─── DATA SECTION

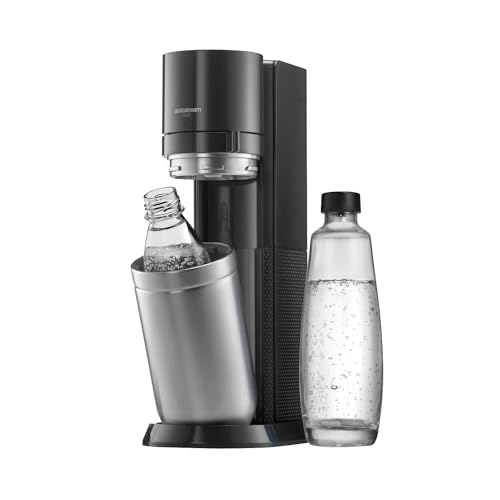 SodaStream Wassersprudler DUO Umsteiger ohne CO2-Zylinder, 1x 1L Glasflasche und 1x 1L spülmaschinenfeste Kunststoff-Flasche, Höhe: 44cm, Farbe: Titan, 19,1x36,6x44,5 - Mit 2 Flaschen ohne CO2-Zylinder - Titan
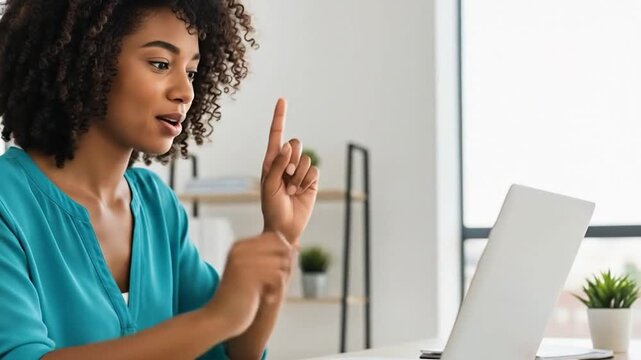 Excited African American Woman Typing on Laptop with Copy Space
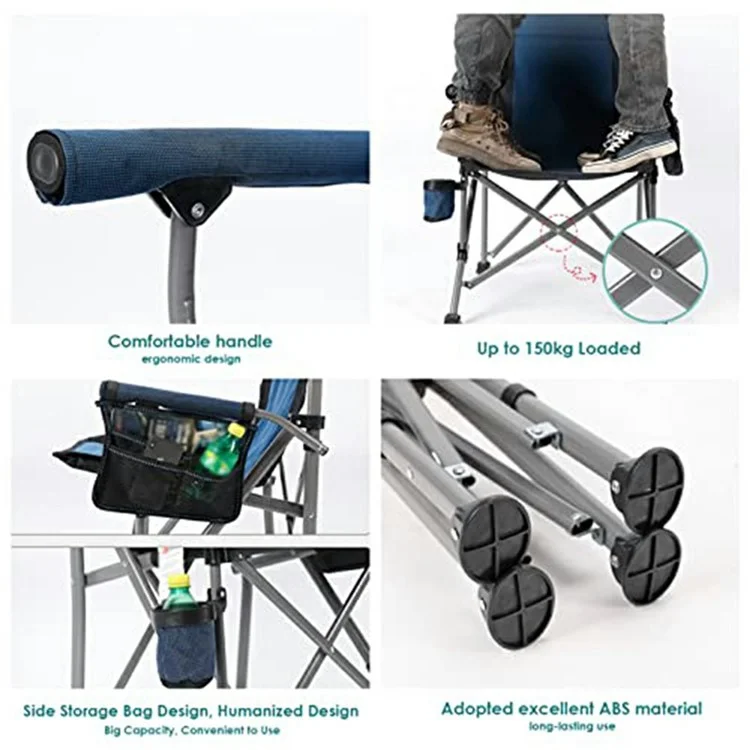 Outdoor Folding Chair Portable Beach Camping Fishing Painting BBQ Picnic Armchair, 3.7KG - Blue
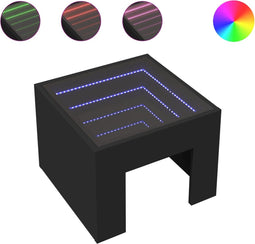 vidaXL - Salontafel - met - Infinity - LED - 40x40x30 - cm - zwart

──────
─── DATA SECTION

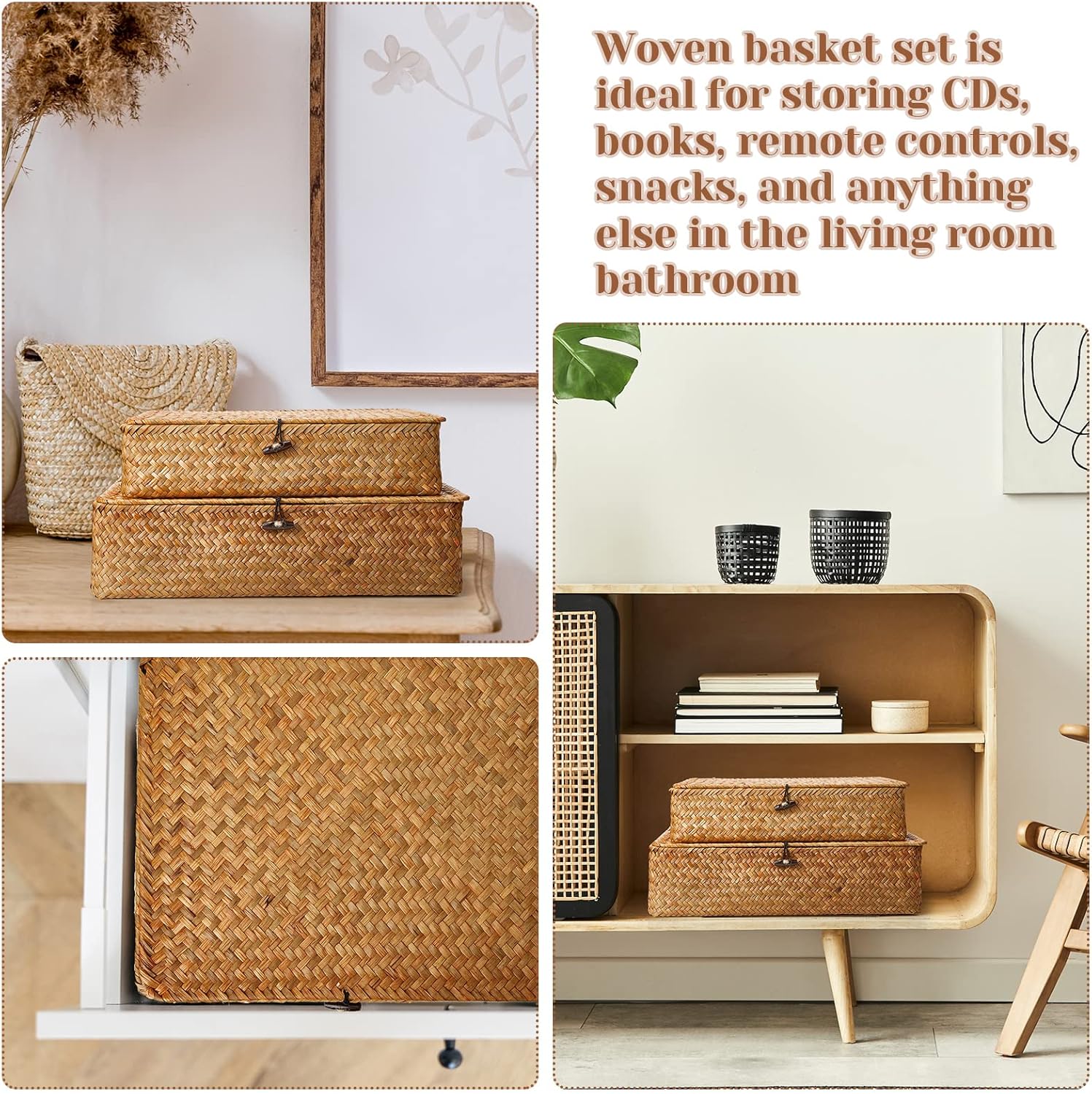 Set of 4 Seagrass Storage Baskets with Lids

──────

→ EXERCISE DIRECTIONS
Nothing but the lines above, starting at the line that contains "SodaStream Wassersprudler DUO" and ending at the line that contains "Excited African American", should be given again, exactly and without the pictures.

→ TASK RESPONSE
 SodaStream Wassersprudler DUO Umsteiger ohne CO2-Zylinder, 1x 1L Glasflasche und 1x 1L spülmaschinenfeste Kunststoff-Flasche, Höhe: 44cm, Farbe: Titan, 19,1x36,6x44,5 - Mit 2 Flaschen ohne CO2-Zylinder - Titan
 Excited African American Woman Typing on Laptop with Copy Space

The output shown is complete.